What is expected: Only a number is wanted: how many lines of the entries include the string "Black"?

[Extracted data entries]
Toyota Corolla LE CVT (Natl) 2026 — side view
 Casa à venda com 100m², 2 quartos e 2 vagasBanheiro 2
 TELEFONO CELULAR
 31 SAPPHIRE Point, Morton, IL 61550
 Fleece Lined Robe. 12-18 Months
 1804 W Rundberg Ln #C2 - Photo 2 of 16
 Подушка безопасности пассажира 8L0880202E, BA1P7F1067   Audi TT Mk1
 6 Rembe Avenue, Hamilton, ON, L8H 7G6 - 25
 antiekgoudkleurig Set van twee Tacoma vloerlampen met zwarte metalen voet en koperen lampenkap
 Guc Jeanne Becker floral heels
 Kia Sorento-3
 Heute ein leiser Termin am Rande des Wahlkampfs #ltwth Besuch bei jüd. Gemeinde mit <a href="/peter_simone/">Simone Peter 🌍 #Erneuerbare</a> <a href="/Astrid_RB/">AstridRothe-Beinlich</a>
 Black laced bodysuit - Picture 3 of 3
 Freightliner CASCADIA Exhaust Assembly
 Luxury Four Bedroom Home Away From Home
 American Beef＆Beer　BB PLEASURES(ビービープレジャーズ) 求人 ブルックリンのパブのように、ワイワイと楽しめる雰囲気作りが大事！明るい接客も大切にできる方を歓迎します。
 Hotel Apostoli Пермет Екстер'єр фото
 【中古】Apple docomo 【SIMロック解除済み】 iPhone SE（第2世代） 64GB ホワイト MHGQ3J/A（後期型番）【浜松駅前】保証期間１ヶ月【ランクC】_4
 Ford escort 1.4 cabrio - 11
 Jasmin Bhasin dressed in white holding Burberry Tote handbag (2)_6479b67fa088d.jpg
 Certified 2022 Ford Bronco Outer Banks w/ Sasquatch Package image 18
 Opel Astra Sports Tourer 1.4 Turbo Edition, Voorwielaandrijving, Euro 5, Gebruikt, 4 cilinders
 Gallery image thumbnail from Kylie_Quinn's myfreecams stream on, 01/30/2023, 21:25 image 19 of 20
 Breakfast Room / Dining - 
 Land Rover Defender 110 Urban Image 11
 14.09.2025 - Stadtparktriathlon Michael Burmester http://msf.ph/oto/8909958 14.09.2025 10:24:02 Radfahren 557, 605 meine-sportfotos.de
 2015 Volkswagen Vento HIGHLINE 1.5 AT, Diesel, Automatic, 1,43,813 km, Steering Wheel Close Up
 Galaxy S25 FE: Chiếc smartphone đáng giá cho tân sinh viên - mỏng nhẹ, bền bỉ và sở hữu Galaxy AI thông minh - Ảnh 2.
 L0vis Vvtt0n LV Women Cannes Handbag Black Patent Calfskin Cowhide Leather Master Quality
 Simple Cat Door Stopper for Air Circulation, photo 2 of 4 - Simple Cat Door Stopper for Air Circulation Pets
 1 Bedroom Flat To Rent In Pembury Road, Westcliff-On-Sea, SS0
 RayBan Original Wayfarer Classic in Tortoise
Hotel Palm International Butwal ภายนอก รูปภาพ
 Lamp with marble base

Written answer: 2